De l’art de l’interprétation

  • Lena Lio, Députée UDC au Grand Conseil vaudois

    Lena Lio, Députée UDC au Grand Conseil vaudois

Ainsi, vingt-quatre ans après le fameux dimanche noir de Jean-Pascal Delamuraz, la Suisse a connu son vendredi noir du 16 décembre 2016: ce jour-là, la majorité du Parlement adoptait une prétendue loi d’application de l’initiative contre l’immigration de masse, calibrée pour sa compatibilité avec la sacro-sainte libre circulation des personnes. Une disposition de ce type, prévoyant simplement la préférence indigène en matière d’emploi, aurait pu être adoptée beaucoup plus tôt, même en l’absence de l’initiative du 9 février 2014, car elle n’a en réalité aucun rapport avec l’article constitutionnel qu’elle est censée mettre en œuvre. Or, tout au long de la session d’hiver, on entendit répéter que le Parlement était dans son rôle en interprétant la volonté du peuple. Ainsi, lorsque ce dernier accepta un article constitutionnel, demandant l’instauration de plafonds et de contingents, il fallait interpréter qu’il ne voulait ni plafond ni contingent. Et là où la Constitution précise que « la Suisse gère de manière autonome l’immigration des étrangers », il faut interpréter que la Suisse renonce à gérer l’immigration, en exigeant simplement que les entreprises déclarent leurs postes vacants aux Offices régionaux de placement.
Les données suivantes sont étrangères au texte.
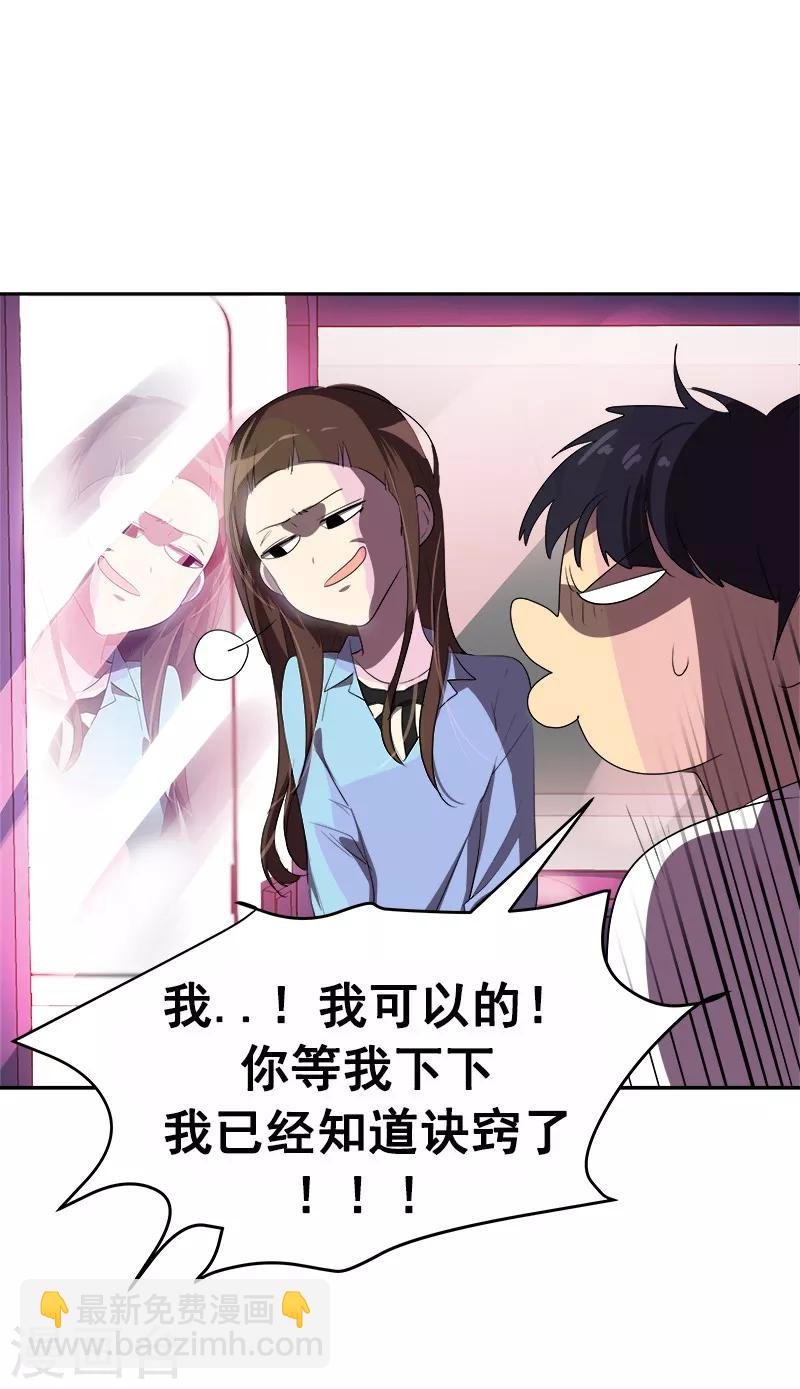 第95话 抓娃娃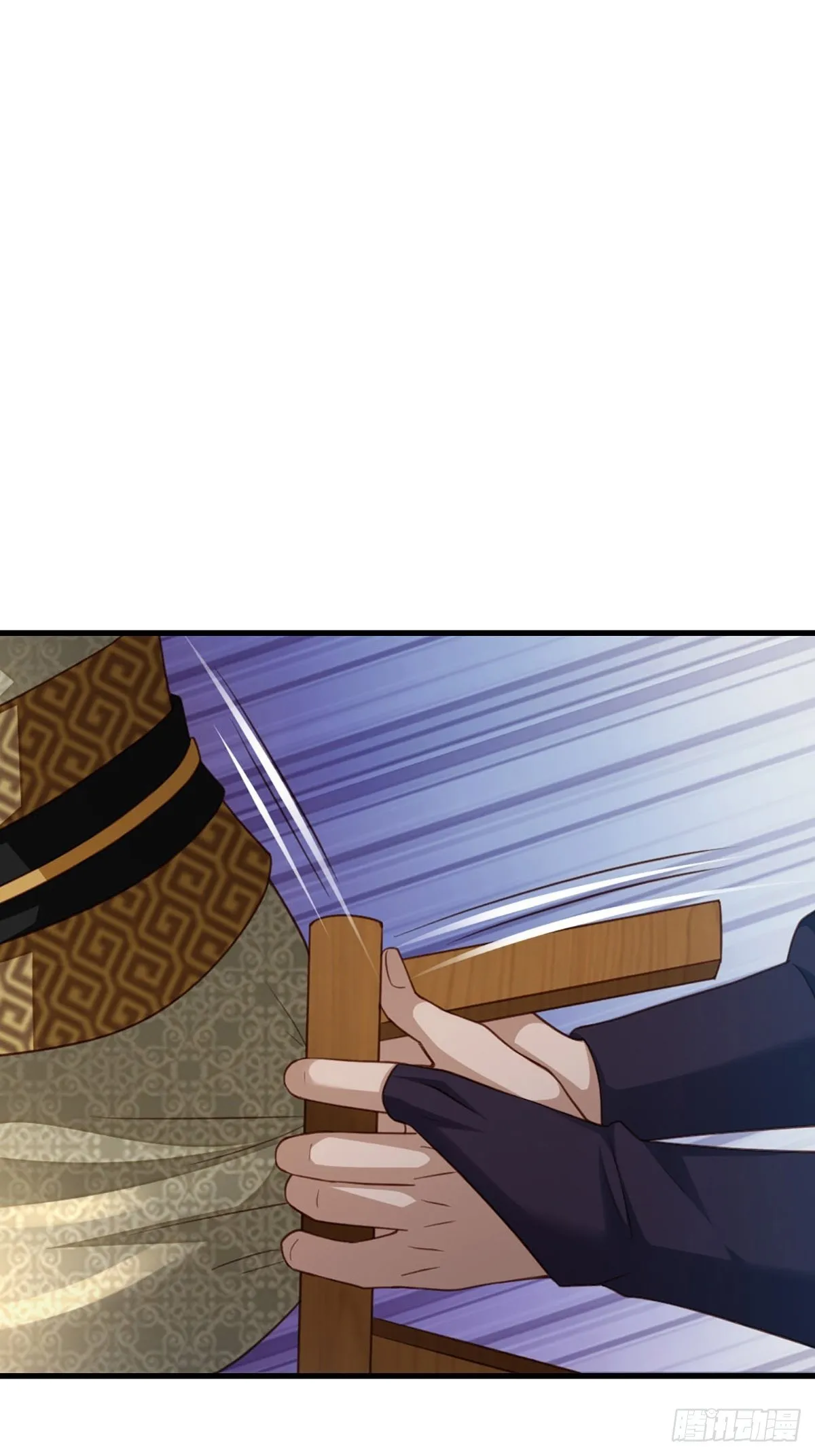 第14话 恶惩五皇子 第42页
Les conséquences de cette trahison burlesque sont d’ores et déjà limpides. Les statistiques montreront que la loi n’aura aucun effet, ni sur l’immigration ni sur l’emploi. Et les sondages d’opinion révèleront la déception d’une population qui n’aura constaté aucun des progrès espérés, ni dans le domaine de l’accès au logement, ni en matière de surcharge des moyens de transport.

Alors, le temps sera venu de faire à nouveau voter avec succès le peuple suisse, mais sur un texte qui, cette fois, ne laissera place à aucune marge d’interprétation. On hésite à remercier la conjuration antidémocratique, majoritaire au parlement, qui en a si bien préparé la voie.